I am a SamKnows tester (have been for years) - so get a monthly report card on my connection - so i know exactly how dire the service is, and how often it fails completely.

London councils seek assurance over Capita's India offshoring plans

mr_souter_Working

Re: Far too late

not just Capita

include WiPro and HPE in that as well - anything that can be offshored will be (and some stuff that can't/shouldn't will be going as well)

Friday security roundup: Secret Service laptop bungle, hackers win prizes, websites leak

mr_souter_Working

Disk encryption - yeah right

sure, they have whole disk encryption setup - assuming the drive ever completed the encryption process (i have encountered times where, after several months in use, it was noted that the disk had never encrypted, because the user only ever used the laptop disconnected from mains, and it was never powered on while connected).

Many public sector organisations also use incredibly insecure encryption passwords - often just some part of the asset tag of the machine - because users need something they can remember).

I have also seen cases where the encryption password was written on a label attached to the laptop, as the user could not remember what it was.
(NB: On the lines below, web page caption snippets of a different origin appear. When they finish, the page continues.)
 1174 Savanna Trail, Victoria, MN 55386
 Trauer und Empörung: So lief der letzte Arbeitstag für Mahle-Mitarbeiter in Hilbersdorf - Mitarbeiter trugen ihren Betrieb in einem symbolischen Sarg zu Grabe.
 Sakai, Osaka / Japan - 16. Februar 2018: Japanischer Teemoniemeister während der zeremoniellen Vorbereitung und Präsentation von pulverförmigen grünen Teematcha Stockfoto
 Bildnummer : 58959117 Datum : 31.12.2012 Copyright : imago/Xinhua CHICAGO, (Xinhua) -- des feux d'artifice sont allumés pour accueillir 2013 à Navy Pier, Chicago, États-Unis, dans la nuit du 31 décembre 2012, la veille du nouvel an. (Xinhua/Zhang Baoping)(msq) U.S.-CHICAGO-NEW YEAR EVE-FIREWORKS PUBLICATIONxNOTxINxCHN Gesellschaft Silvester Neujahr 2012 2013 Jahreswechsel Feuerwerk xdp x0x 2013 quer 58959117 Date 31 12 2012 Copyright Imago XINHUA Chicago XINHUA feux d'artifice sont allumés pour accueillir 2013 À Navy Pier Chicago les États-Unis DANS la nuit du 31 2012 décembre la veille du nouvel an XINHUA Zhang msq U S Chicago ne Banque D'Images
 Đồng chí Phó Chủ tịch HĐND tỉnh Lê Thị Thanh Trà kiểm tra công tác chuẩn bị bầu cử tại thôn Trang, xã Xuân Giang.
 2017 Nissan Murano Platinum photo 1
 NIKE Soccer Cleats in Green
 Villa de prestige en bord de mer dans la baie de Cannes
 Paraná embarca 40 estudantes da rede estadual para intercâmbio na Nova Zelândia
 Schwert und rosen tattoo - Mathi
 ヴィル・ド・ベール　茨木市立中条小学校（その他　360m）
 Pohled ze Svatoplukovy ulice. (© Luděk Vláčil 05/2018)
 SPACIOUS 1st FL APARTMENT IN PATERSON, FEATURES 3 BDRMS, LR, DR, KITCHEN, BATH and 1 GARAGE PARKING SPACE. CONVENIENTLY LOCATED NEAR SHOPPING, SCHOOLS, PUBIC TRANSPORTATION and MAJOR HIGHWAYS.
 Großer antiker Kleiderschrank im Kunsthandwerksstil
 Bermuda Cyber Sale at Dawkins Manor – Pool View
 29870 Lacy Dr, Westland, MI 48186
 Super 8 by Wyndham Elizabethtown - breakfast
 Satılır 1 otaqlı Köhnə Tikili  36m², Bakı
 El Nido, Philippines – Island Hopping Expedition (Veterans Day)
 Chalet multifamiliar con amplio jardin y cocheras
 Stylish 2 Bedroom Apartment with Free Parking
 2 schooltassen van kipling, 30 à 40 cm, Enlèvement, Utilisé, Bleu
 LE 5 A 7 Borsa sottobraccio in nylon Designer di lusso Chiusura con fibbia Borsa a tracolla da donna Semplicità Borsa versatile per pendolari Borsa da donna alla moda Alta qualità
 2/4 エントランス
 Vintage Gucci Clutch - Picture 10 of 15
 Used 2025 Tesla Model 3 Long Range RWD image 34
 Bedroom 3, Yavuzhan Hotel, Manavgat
And of course, if the laptop was merely sleeping, then the disk encryption is bypassed - and it has already been shown that plugging in certain USB sticks, correctly configured, will net the account credentials.

All in all - you should always assume that if someone has physical access to a computer, that all data on it is accessible. The only way to be sure nobody can get anything off of a computer, is to make sure it never gets onto it in the first place (this applies to all computing devices, phone, tablet, desktops, laptops, etc...)

UK to block Kodi pirates in real-time: Saturday kick-off

mr_souter_Working

Re: Meh

"feetsball" - i like it

lump this and all the other sports in a barrel and shove it into the sea.

i could not possibly care any less about if any sport is on any form of television, provided i am neither obliged to watch it, nor pay for it. if Sky/Virgin/BT/et al want to gouge the people that want to watch it, that's their issue. I don't think the BBC should be squandering out license fee and trying to outbid any of them.

The Psion returns! Meet Gemini, the 21st century pocket computer

mr_souter_Working

hope this isn't more vapourware......

or an early april fool - or some weird joke from El Reg.

if this is real, and not too expensive, i could see me getting one

one of the things i really like about my Psion 5mx (still in use), is the Serial adapter, to let me interface with switches and the like. maybe this will at least work with a USB-Serial dongle.